In the first live-action Ninja Turtles movie, director Steve Barron opted for grittiness and dark lighting for his heroes, drawing inspiration from the characters’ broody comic books. In the sequel, The Secret of the Ooze, director Michael Pressman goes brighter and far more comical, seemingly more inspired by the wildly popular nineties cartoon series. The Turtles are given broad lines to speak and dated vaudeville routines to perform, and under all the happy, bright lighting, it’s hard to ignore the rather dubious lip articulation on those dodgy masks.
The quest for a more child-friendly film also means the Turtles largely refrain from using their weapons. The filmmakers wanted to tone down the violence, so the nunchucks, sai, katanas, and bo staff become decorative pieces as the Turtles instead use kitchen supplies and pratfalls to attack their foes. Also, Vanilla Ice makes an important cameo to deliver “ninja rap” to a generation of unsuspecting kids. (We still know every word.)
To put it another way, it’s a little too Michelangelo. But deliberately so.
All of these changes indicate a very specific directive: make it fun. Many kids left the first film wondering why it wasn’t like the cartoon, and the studio was not going to repeat that mistake. In changing the tone, the film does make plenty of mistakes. Jokes rarely land for anyone out of middle school. Tokka and Rahzar, the film’s answer to cartoon baddies Bebop and Rocksteady, offer no menace, and even the showdown with a mutated “Super-Shredder” amounts to nothing.

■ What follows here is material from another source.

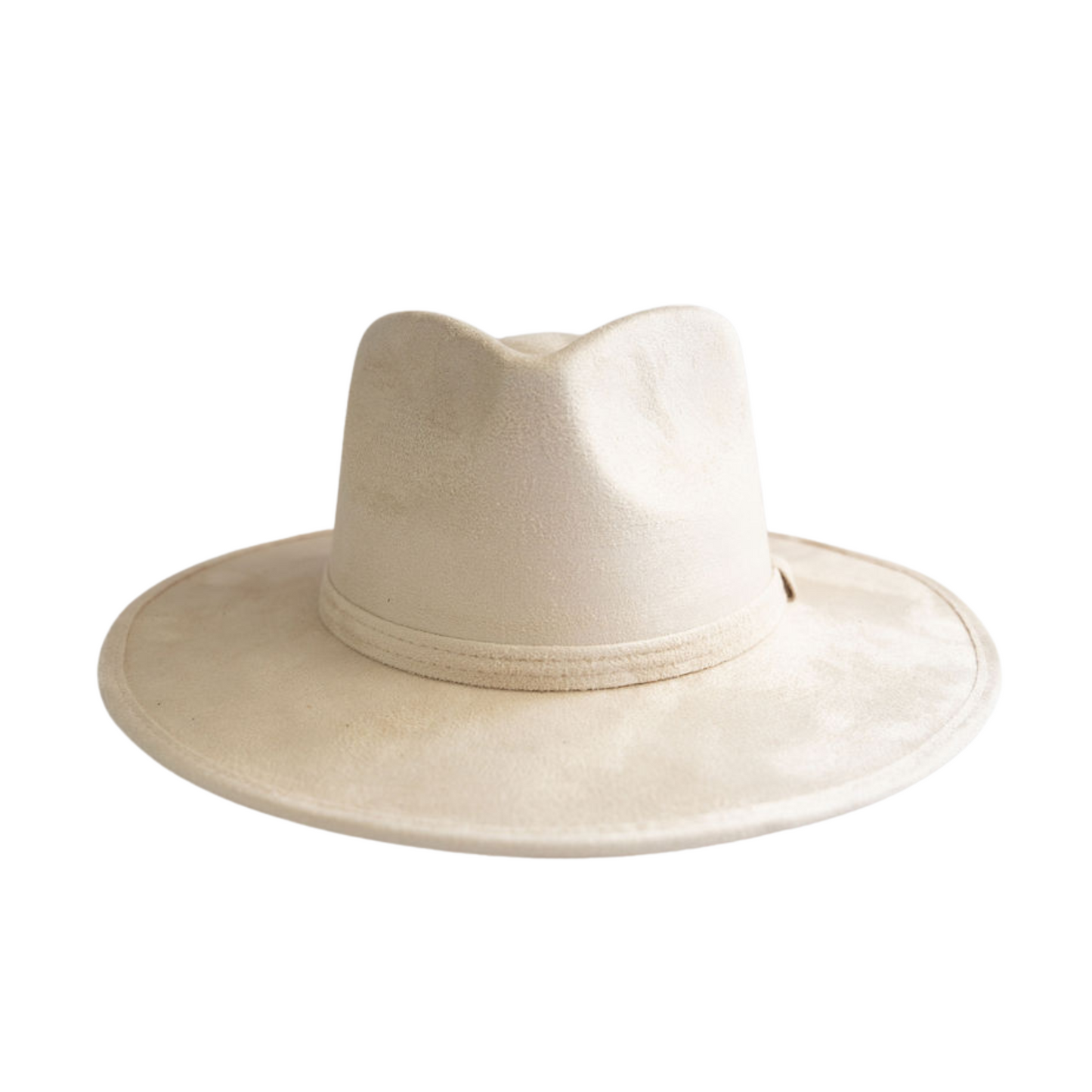 NOMAD HAT - IVORY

And yet the film gets one thing very, very right—and it’s a big one for true fans of these characters: it perfectly captures the essence of the early-1990s TMNT craze. In attempting to honor the feel of the cartoon and maintain some of the darker tone from the first film and the original comic books, it somehow portions out the history of the Turtles in the midst of all the cheese. It’s fan service, par excellence.
The inexplicable “Ninja, Ninja, RAP!” has become for those fans the anthem of a simpler time before smartphones, mortgages, and an endless stream of TMNT reboots (which true fans, naturally, view with suspicion if not open hostility). Certainly a slight film, Teenage Mutant Ninja Turtles II: The Secret of the Ooze is a VHS version of a faded photograph taken in a roller rink: a perfect distillation of one very goofy moment in time. And one you love to pull out of the shoebox every now and then.